Here in the northern latitudes, the metabolism of bass peaks in the warm water of summer. During those few months is when bass will consume more food and pack on more weight than the rest of the year combined. And practically every form of prey a bass will feed on is also most abundant and available right now as well. This combination of circumstance is undoubtedly what has earned the bass one of its more appropriate nicknames, "the mouth that swims."
Because nature provides bass with a veritable bounty of food sources in the summer, these highly effective predators don't have to work too hard to make living right now. That is why so-called finesse fishing can be the most successful approach. To catch bass during the day, think: subtle, slower and smaller.

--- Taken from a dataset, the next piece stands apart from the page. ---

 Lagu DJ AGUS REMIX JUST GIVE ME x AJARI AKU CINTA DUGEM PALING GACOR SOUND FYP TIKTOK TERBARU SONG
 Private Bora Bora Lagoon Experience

The fish seem to know instinctively now that it is not necessary to chase their food all over the lake, but rather to wait and ambush prey. In simplest terms, the fish are conditioned to wait for an easy meal, so give them what they are looking for. Choose lures that can be fished slowly and precisely around the cover or structure where bass are likely to be hanging out. Soft-plastic baits such as worms, tubes and lizards are all excellent choices for such work.
Downsizing your lures can also increase fishing success in the summer. Instead of six- or seven-inch worms or lizards, go with four-inch versions of those baits. Some manufacturers also so-called teaser tubes that measure about 2 3/4-inch long are slightly smaller than the conventional 3 1/2-inch tubes.

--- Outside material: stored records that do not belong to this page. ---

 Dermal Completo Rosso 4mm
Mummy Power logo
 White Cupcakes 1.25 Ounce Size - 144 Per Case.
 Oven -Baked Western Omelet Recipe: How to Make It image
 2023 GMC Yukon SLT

For years, my favorite summertime crankbait has been the Cotton Cordell Big O in the 1/4-ounce size. This shallow-running lure is about 2 inches long. When I need a smaller crankbait that dives a little deeper than the Big O, I now go with the Strike King Bleeding Bait in the size they call a Mini 3. Two years ago I found another diminutive crankbait from Bass Pro Shops called the Micro Light. It is just 1 3/8 inches long and weighs just 1/6 ounce, but this tiny lure can be magic at times, especially for river smallmouths in low, clear, water.
It might seem more logical that the bass would prefer a bigger meal at this time of year when they are chowing down the heaviest. For sure, there are times when a bass will successfully attack and eat almost anything it can swallow. But I think there are several reasons why summer bass can be easy to tempt with smaller offerings.
The water in many lakes tends to be clear in the summer, giving bass a better look than usual at any lure they see. A bigger lure will be even easier to see, and possibly easier to detect as a fake and something to be avoided, especially on those waters that see a lot of fishing pressure. The young of the year minnows, frogs and other aquatic critters that bass eat are often still not full grown by midsummer, so the bass are seeing a lot of smaller prey. Therefore, using smaller lures matches the size of more natural foods this time of year.
Of course, there will be those days that the bass will ignore even the best summer tactics and lures we can present them. That's when a session of still-fishing for catfish or carp might be in order. Prop up a couple of rods on some forked sticks, settle back in a folding chair with your favorite cold beverage, and let the fish do the work.